Luis Foix, corresponsal de La Vanguardia, que tenía un despacho bastante anglosajón, perfumado por el espléndido y tranquilizador olor de su pipa y decorado con abundantes recuerdos, me dijo, cuando fui a presentarme como la avanzadilla londinense del nuevo periódico español:
—Lo tienes crudo. Yo descuelgo el teléfono y digo que soy de La Vanguardia y me lo cuentan todo. Hasta que El País tenga nombre tendrá que pasar mucho tiempo.
Fue una aventura.
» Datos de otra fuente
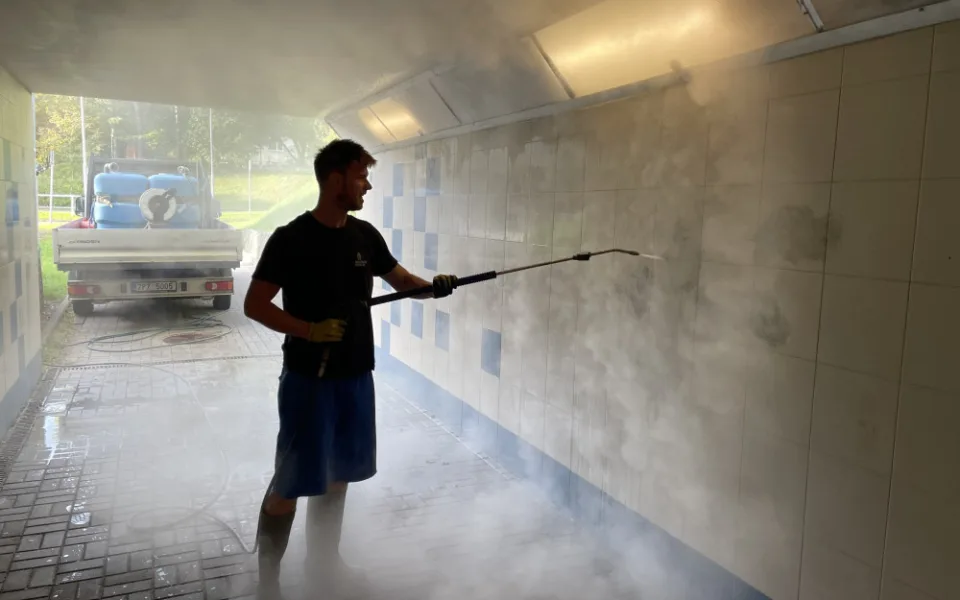 Město se snaží bojovat s vandalismem, vyčištění jednoho podchodu vyjde na desítky tisíc korun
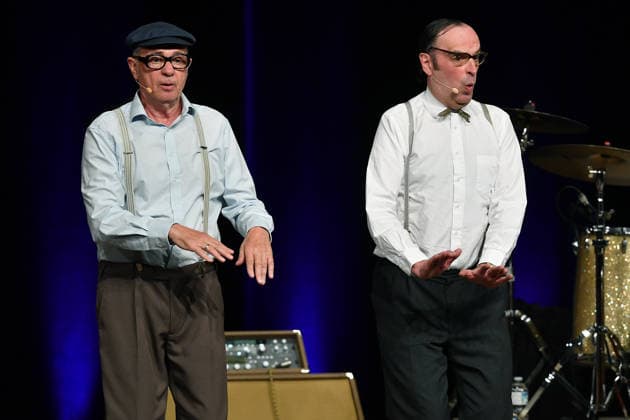 Herbert Knebels Affentheater - Voll Karacho! am 11.06.2026 in der Mathias-Jakobs-Stadthalle in Gladbeck Herbert Knebel ( Uwe Lyko ), links - und Ernst Pichl ( Martin Breuer ), rechts - stehen am 11.06.2026 in der Mathias-Jakobs-Stadthalle in Gladbeck auf der Bühne *** Herbert Knebels Affentheater Voll Karacho on 11 06 2026 in the Mathias Jakobs Stadthalle in Gladbeck Herbert Knebel Uwe Lyko , left and Ernst Pichl Martin Breuer , right are on stage on 11 06 2026 in the Mathias Jakobs Stadthalle in Gladbeck xRx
El periódico pagaba muy poco, incluso cuando empezó a pagar, y la oficina viajaba conmigo, en mi cartera: allí llevaba la radio, los papeles, y trabajaba en los parques, en los despachos prestados, en las cabinas telefónicas, en cualquier parte; quizá estimulado por Foix, iba todos los días al Foreign Office, para que al menos conocieran El País en el ministerio de exteriores británico. Eran los breefing del mediodía, donde se hacían los anuncios de lo que pensaba el Reino Unido acerca de lo que ocurría en el mundo. Era la nostalgia inane del Imperio. Mis compañeros no entendían muy bien para qué iba con tanta asiduidad al Foreign Office. La verdad es que servían para poco aquellas reuniones informativas, a las que no asistía ningún otro periodista español. En 1976 lo único que importaba de todo lo que le pasaba al antiguo Imperio eran sus crisis políticas internas —y ni siquiera eso, realmente—, que desembocaron en el final abrupto y duradero del laborismo y situaron casi para siempre al conservadurismo en el poder.
Las reacciones
El País tenía que presentarse, claro. Como España. Eran tiempos en que cualquier gesto de la vida española, cualquier tímida apertura, cualquier acontecimiento político que ahora parece la viruta de la ingenuidad, debía contrastarse con la opinión extranjera.
Eran los tiempos de las reacciones, la expectativa ante lo que dijeran los otros. ¿Somos homologables ya? ¿No lo somos? Ésas eran las preguntas que nos tocaba formular en el extranjero, como si además de periodistas fuéramos los encargados de llevar un termómetro exterior para apurar datos sobre la temperatura española.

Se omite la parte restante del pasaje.